- ننگو لئ ننګولئ
- Ningolai Location within Pakistan
- Coordinates: 34°31′N 72°15′E﻿ / ﻿34.51°N 72.25°E
- Country: Pakistan
- Province: Khyber-Pakhtunkhwa
- District: Swat
- Tehsil: Kabal

Government
- • Village Nazim: Fatihullah Khan
- Elevation: 974 m (3,196 ft)

Population (2017)
- • Total: 11,793
- Time zone: UTC+5 (PST)

= Ningulai =

Ningolai (ننگو لئ; ننګولئ) is a village in Swat (Khyber Pakhtoon Khwa) Pakistan. Old name was Ningula which was named by a person name Ningula. Later it was named Ningolai by the ruler of Swat State. The people of village Ningolai belong to subsection Naikpikhel of Yusufzai the biggest and largest tribe of Pashtun tribes. The village contains a small series of mountains and a forest, residential area starting from meadows of mountains and merge with river swat on right bank, vast land for crops, number of canals, and a part of the Swat river.

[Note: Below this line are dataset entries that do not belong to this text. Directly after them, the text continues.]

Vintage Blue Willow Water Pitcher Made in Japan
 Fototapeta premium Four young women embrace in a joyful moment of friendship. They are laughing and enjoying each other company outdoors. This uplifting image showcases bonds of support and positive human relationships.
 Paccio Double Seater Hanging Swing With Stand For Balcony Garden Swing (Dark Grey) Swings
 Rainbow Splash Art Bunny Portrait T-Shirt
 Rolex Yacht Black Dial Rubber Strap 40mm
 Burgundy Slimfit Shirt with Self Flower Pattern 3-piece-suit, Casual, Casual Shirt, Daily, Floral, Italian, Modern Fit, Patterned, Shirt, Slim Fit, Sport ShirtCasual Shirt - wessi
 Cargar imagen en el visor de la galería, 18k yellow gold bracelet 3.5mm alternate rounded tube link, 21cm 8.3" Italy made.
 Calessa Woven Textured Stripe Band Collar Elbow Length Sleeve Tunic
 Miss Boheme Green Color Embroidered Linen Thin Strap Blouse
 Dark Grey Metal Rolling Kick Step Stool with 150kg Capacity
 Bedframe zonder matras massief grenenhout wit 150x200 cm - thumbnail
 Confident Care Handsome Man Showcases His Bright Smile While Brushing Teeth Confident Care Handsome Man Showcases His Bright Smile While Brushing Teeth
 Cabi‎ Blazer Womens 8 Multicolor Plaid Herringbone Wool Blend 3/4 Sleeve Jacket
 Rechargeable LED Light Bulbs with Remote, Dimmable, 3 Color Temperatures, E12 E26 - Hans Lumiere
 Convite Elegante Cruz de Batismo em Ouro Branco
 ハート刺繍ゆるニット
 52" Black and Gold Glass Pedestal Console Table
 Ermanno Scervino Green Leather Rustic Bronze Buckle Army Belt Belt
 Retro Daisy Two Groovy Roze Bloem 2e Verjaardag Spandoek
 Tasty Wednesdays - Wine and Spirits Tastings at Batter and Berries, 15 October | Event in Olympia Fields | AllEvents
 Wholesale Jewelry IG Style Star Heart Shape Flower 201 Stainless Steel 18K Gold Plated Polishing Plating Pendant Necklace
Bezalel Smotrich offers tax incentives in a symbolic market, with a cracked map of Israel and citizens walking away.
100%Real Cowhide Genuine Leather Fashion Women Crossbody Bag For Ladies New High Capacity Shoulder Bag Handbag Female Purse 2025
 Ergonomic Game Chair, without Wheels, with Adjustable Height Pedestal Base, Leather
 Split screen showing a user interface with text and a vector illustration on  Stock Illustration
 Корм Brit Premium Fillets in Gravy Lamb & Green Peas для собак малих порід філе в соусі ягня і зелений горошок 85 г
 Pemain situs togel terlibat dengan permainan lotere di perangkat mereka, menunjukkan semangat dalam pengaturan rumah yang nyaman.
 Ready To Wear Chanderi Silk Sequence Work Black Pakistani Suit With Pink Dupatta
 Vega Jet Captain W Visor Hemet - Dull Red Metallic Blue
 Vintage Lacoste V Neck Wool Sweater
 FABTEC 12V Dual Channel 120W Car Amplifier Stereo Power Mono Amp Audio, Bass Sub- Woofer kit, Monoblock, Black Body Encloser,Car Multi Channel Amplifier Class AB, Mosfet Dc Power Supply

Mountains of the village include Usmani Ghar, Kursi Ghat, Kafar Ghat and Najia.

== Location ==
Ningolai is located at at an altitude of 974 metres (3198 feet). It is about 12 Kilometers away from Mingawara or Mingora, The main city of Swat Valley and 14 Kilometers from Saidu Sharif
the Capital of the Yousufzai State of Swat (Princely State). Situated on the left bank (North side) of Suvastu or The River Swat. Shakardara is on the East, Bara Bandai and Kuza Bandai on the West.